WORK REQUIRED:
Please repeat, from the entries that follow, the lines from the one containing "Flat Tire on Old Dirty Car" through the one containing "A red leather two seater Chesterfield settee" exactly, adding nothing.

THE DATA:
Content starts
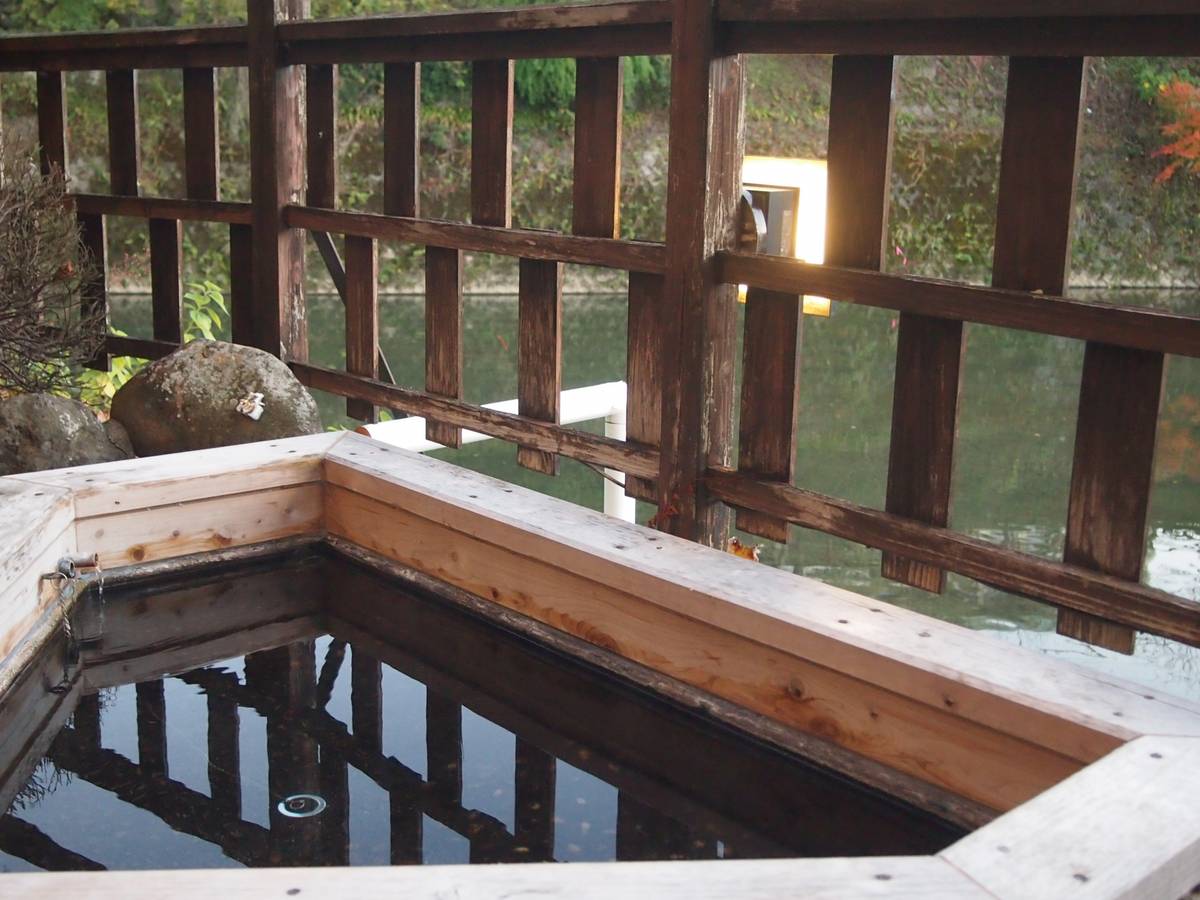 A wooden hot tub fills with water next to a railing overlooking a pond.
Content ends
Content starts
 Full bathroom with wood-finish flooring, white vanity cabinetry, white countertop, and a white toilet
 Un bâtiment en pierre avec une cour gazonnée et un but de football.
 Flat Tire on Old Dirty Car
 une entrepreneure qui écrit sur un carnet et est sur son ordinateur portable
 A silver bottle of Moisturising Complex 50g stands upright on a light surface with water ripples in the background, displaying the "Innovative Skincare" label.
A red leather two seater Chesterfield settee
Content ends
RESPONSE:
 Flat Tire on Old Dirty Car
 une entrepreneure qui écrit sur un carnet et est sur son ordinateur portable
 A silver bottle of Moisturising Complex 50g stands upright on a light surface with water ripples in the background, displaying the "Innovative Skincare" label.
A red leather two seater Chesterfield settee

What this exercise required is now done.